We couldn’t manage dessert, so mopped up the rest of our wine with a shared cheese board.

As befitting an establishment of this nature, there is a six-course tasting menu, which you can order with matching wines. What sets Planet Restaurant apart – and which proves Rudi’s sustainability ‘cred’ – is the same thing for vegans. Fine dining is usually about expensive protein being used as the mouthpiece for a head chef’s ego.

Vegan cooking is something different altogether, and for traditionally-minded chefs may even qualify as a form of torture. It’s one thing to omit meat or chicken, but working without staples such as dairy or eggs – and creating six sensational courses in the process – is not the kind of cooking challenge that top chefs would normally choose to take on.
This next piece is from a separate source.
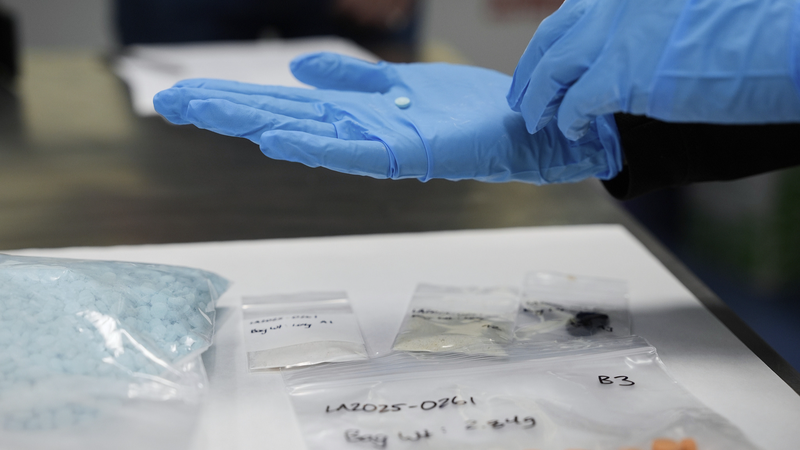 Inside America’s Drug Crisis: 12% of Users, Global Lessons Inside_America_s_Drug_Crisis__12__of_Users__Global_Lessons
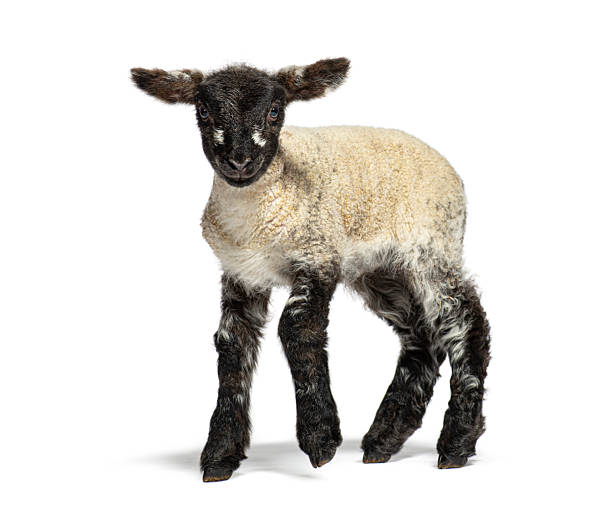 istock Adorable lamb walking on white background 2220375715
So, how successful is this as a rejuvenated restaurant concept for Cape Town’s most traditional of hotels? The whole experience is certainly grand, from décor to service to food. Of necessity, this is matched by the pricing. While costly, it’s fair, given the quality of the offering, but much less accessible than the adjacent Planet Bar. I do wonder how many of the Bar regulars would eat at the sister Restaurant, and this makes me question the marketing side of things. The situation isn’t helped by recessionary times, which have inhibited people’s willingness to splash out on smart meals.

Enough of me with my marketing hat on. The foodie in me was absolutely delighted with the experience. And, I’m about to contradict myself; in these straitened times one occasionally needs a little escapism from enforced austerity. Where better than Planet Restaurant, with its grand, traditional Mount Nelson backdrop to Rudi’s modern food?